Should you choose 802.11a, 802.11b, or 802.11g? Depending on your current investment and infrastructure you might be able to avoid brute force denial of service attacks just by "changing the channel." This can be accomplished by using a lesser used frequency or compression scheme.

Keeping in mind that approved IEEE standards will have an affect on which implementation wireless technology manufacturers will roll out. These decisions also are going to be affected by market conditions and adoption rates. You should choose the most compatible wireless equipment that meets your company's application needs.

Choosing Your Channel

802.11a uses 12 non-overlapping channels from 5.725 through 5.875 GHz. This might be a good alternative for reducing interference by devices such as cordless phones, Bluetooth devices, and microwaves . This would be recommended for smaller businesses that don't require strong security.

802.11b and 802.11g non-overlapping channels:

• Channel 1 (2.412 GHz)

• Channel 6 (2.437 GHz)

• Channel 11 (2.462 GHz)

Protecting Yourself from Internal Interference

In larger wireless network deployments many of the interference and RF signal problems that arise come from internal sources. By knowing the physical layout of your buildings as well as the existing RF interference you can work around or reduce these problems down the road.

Conducting an RF site survey of your environment is critical to protecting your WLAN from interference and obstructions. After you map out the signal levels take note of both internal and external access points.
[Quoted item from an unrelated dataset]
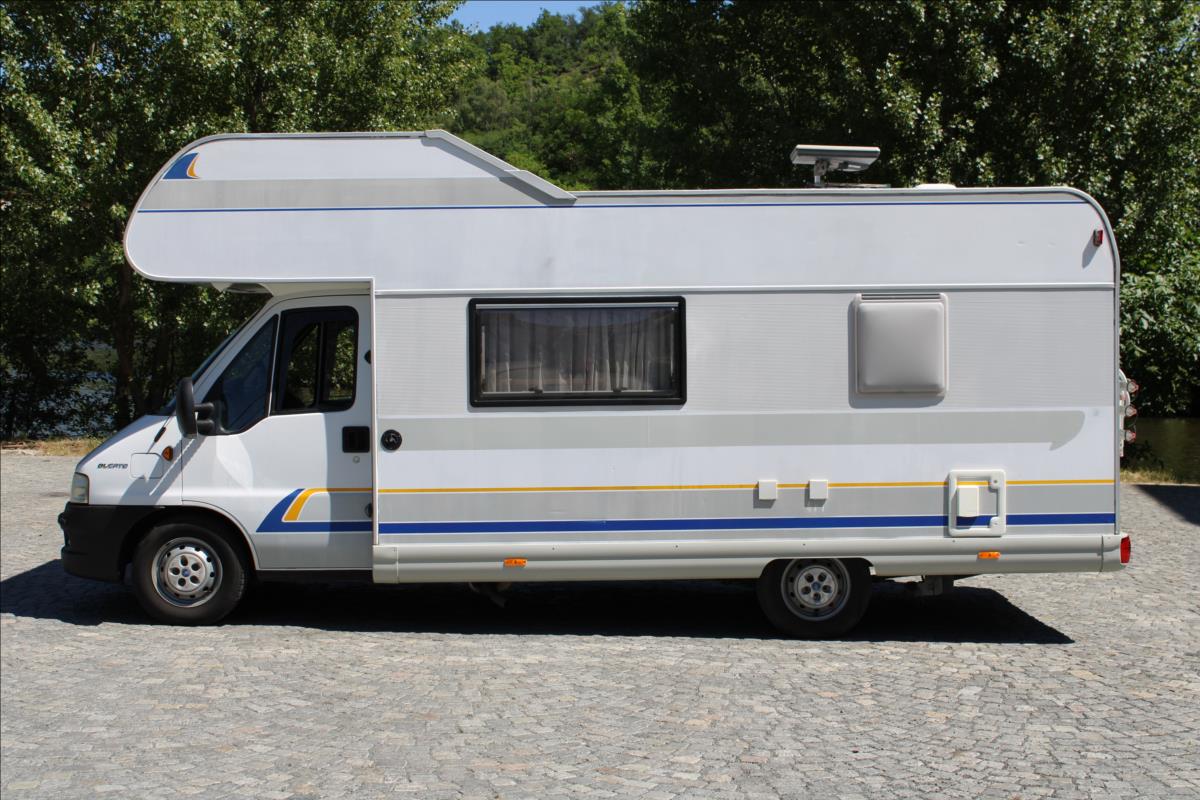 Fiat Ducato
Keep an accurate inventory of authorized access points. Using the reports from your site survey software, you should document the location and MAC address of each of your access points. Performing ongoing site surveys will make you aware of new rogue access points.

Creating a company or organization operations policy concerning authorized wireless access points will greatly reduce your administrative nightmares. By creating a method in which to incorporate wireless access points where rogues are popping up you can keep your end users happy.

Protecting the Wireless Network

Keeping people from snooping around your network probably isn't going to happen. What you can do is reduce the ability for them to successfully gain access to your network resources. This will need to take place on several fronts. You'll need to lock down your systems as well as your wireless access points.

There are many vendors of wireless access points, bridges, and network cards. The amount of security features that they implement varies. Depending on your company's budget and the age of the equipment in place you might want to start with the basics:

• Ensure AP and NIC firmware is up to date

• Mount AP out of reach to avoid "hard reset"

• Change your AP's default administrator password

• Don't allow remote management

• Change your SSID name

• Don't broadcast your SSID

• Use MAC layer filtering

• Activate WEP (some older/entry level APs don't support 802.11x)

• Use 802.11x for dynamic key exchange (best security)

By taking these measures you will be able to keep the honest people honest. Those who have the time and tools might still be able to access the wireless network. That's where the next layer of defense comes into play. To protect the company's data, the internal networking equipment and operating systems need to have the same if not more security in place.